--- Source material ---
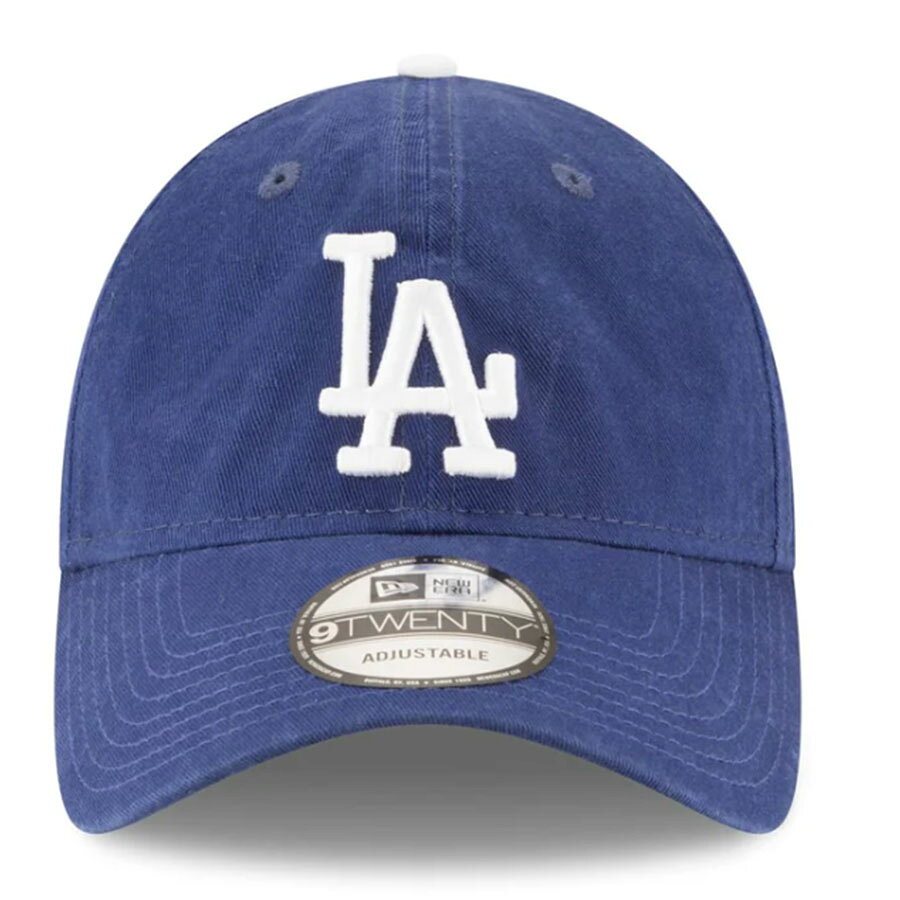 MLB ドジャース キャップ 2024 MLB World Tour ソウルシリーズ 9Twenty Adjustable Hat ニューエラ/New Era ロイヤル 2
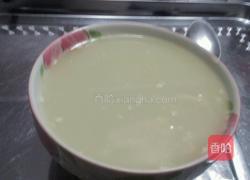 大葱萝卜生姜一小米汤的做法图解4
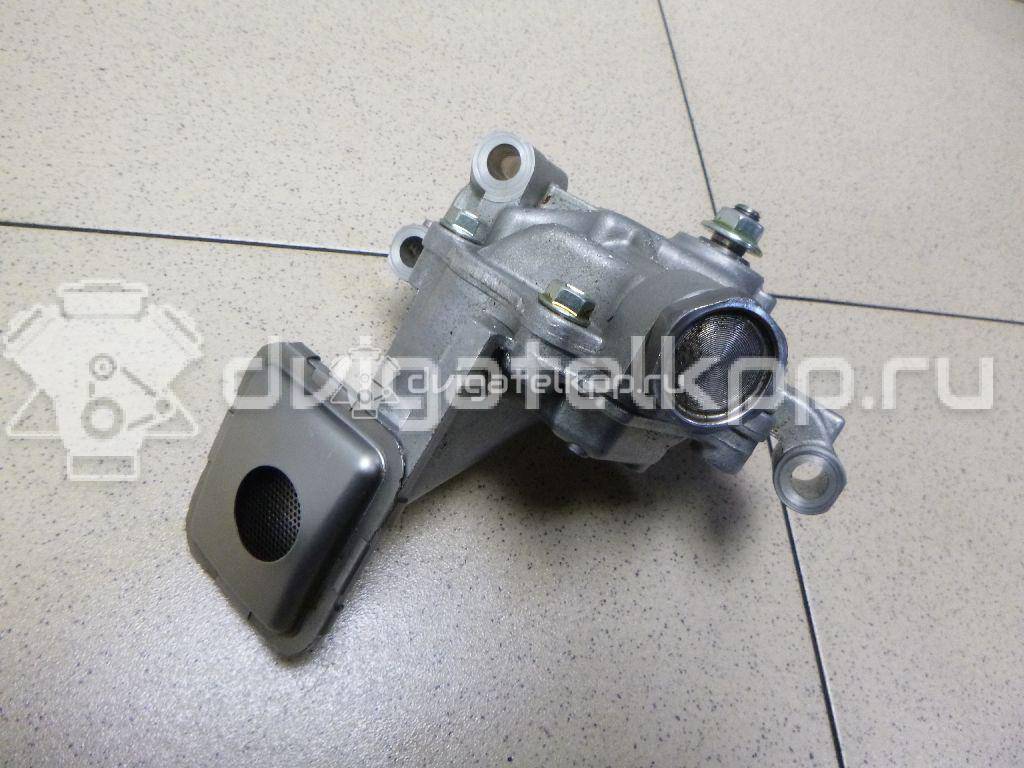 Фото Насос масляный для двигателя 3ZR-FE для Toyota Noah Voxy / Avensis 139-158 л.с 16V 2.0 л бензин 1510037030 {forloop.counter}}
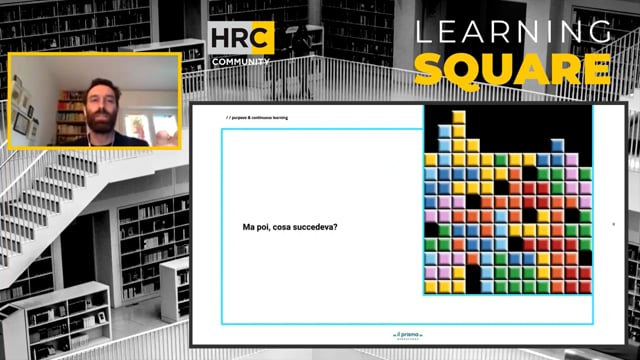 Thumbnail Purpose & continuous learning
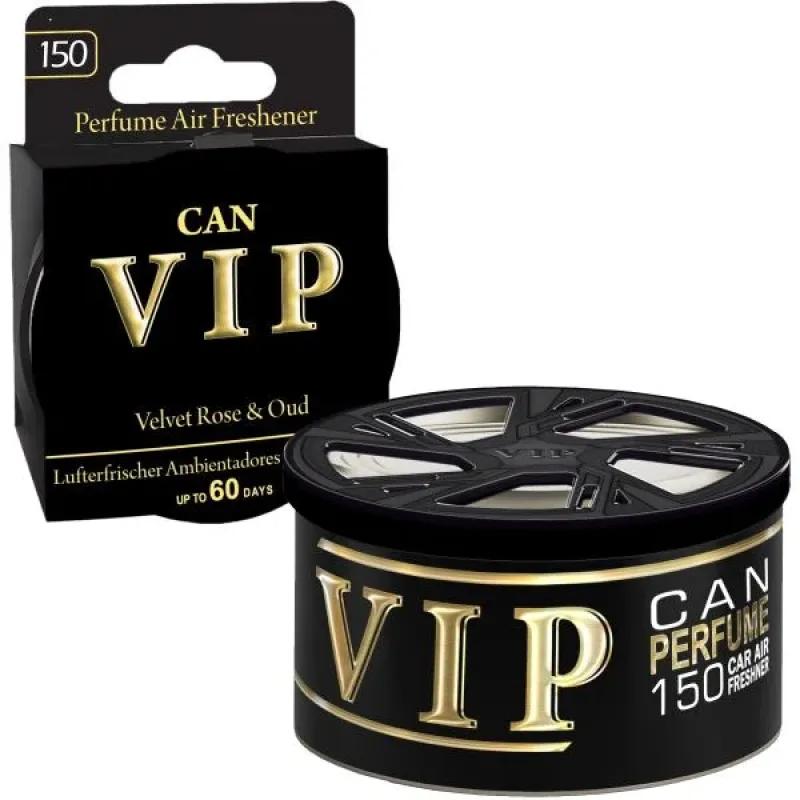 VIP - Carairfreshner - Canperfume 150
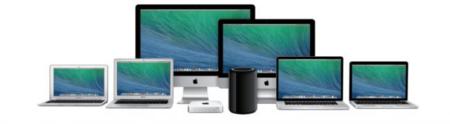 Los Macs dan un paso al frente colocándose como la segunda línea de productos más vendida por Apple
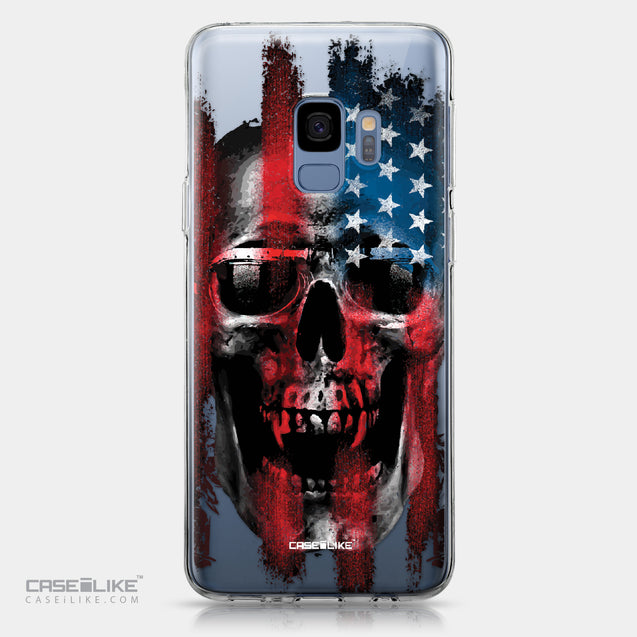 Samsung Galaxy S9 case Art of Skull 2532 | CASEiLIKE.com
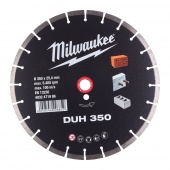 Алмазный диск Milwaukee DUH 350 мм (4932471986)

--- What the task requires ---
If an entry holds a picture, skip the picture and print the rest of the data exactly.

--- Answer section ---
 MLB ドジャース キャップ 2024 MLB World Tour ソウルシリーズ 9Twenty Adjustable Hat ニューエラ/New Era ロイヤル 2
 大葱萝卜生姜一小米汤的做法图解4
 Фото Насос масляный для двигателя 3ZR-FE для Toyota Noah Voxy / Avensis 139-158 л.с 16V 2.0 л бензин 1510037030 {forloop.counter}}
 Thumbnail Purpose & continuous learning
 VIP - Carairfreshner - Canperfume 150
 Los Macs dan un paso al frente colocándose como la segunda línea de productos más vendida por Apple
 Samsung Galaxy S9 case Art of Skull 2532 | CASEiLIKE.com
 Алмазный диск Milwaukee DUH 350 мм (4932471986)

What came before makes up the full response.